It took an hour and a half for O'Connor to reach Fuerst and Binney. From a rooftop, Master Sergeant Thom Maholic was single-handedly holding down a group of advancing Taliban who were threatening the rescue operation. 

"They were coming to take that compound that Thom was holding. And he would stop them by killing them or wounding them. And eventually they gave up their assault," Ford explains. 

"Did Thom make it possible for you to get out?" Logan asks O'Connor. 

"Absolutely," he replies. 

Asked if he couldn't have done it without him, O'Connor says, "Absolutely not." 

Then Maholic took a bullet in the head. Abram Hernandez rushed to his aide but there was little he could do. Maholic died in his arms. 

Joe Fuerst also died as Sgt.

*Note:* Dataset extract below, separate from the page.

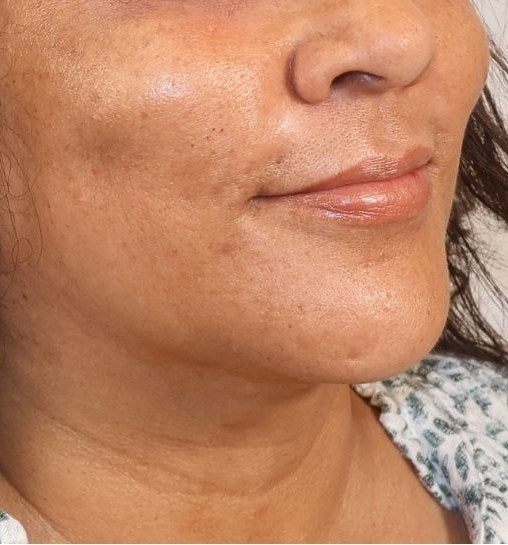 Before — chin and lips, three-quarter view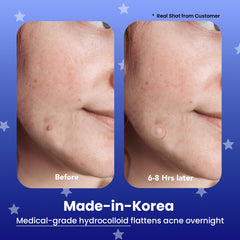 AVARELLE patch on face at night shows thin hydrocolloid shield for overnight blemishes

O'Connor tried to carry him to safety. At this point, other members of the team, including Staff Sergeant Brandon Pechette, began to think no one would make it out alive. 

Asked if he was afraid, Pechette tells Logan, "I was, at a point. There was a lull. When I heard that Thom Maholic and Joe had passed it was kind of a point where we're like, 'Well, we're still surrounded, you know? What are we gonna do? Well, we’ll keep fighting.' So, I pull out a notebook. Wrote a little quick note to my wife. Said goodbye and said, 'Well, if I'm goin', I'm takin' as many as I can with me. And we're gonna fight as bravely as we can.'" 

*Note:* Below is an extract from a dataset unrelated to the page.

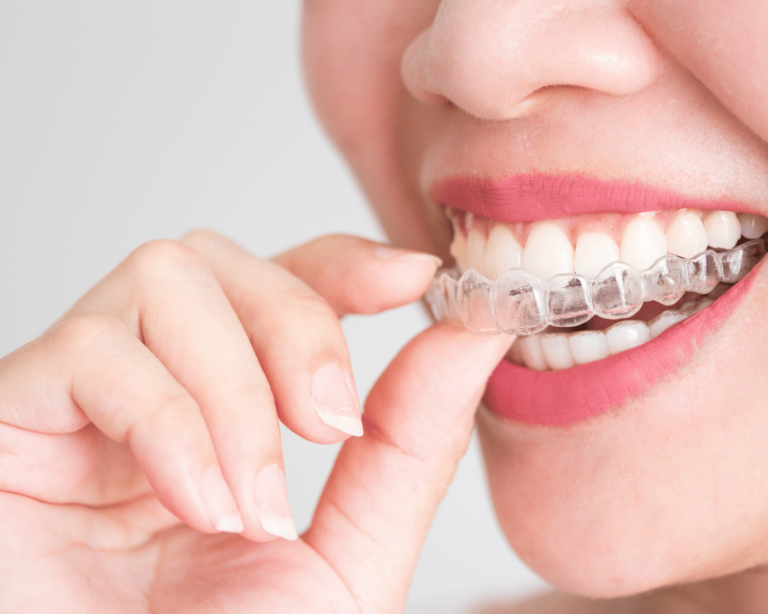 The Evolution of Braces: From Metal Mouth to Modern Marvels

After nearly two days of fighting, two men lost and one seriously wounded, the Green Berets were almost out of ammunition. 

Apache gunships were continuing to hammer Taliban positions, but the Green Berets were still surrounded. To get them out, they asked one of the pilots flying overhead to lay down an infrared beam that they used to guide them through the dark back to their patrol base. The plane fired at anything moving outside that infrared beam. 

Ford says the beam could be seen on night vision, but not by the naked eye. 

"How far did you have to travel like this?" Logan asks. 

"About 600 meters," O'Connor says. 

"Have you ever seen that done before?" Logan asks. 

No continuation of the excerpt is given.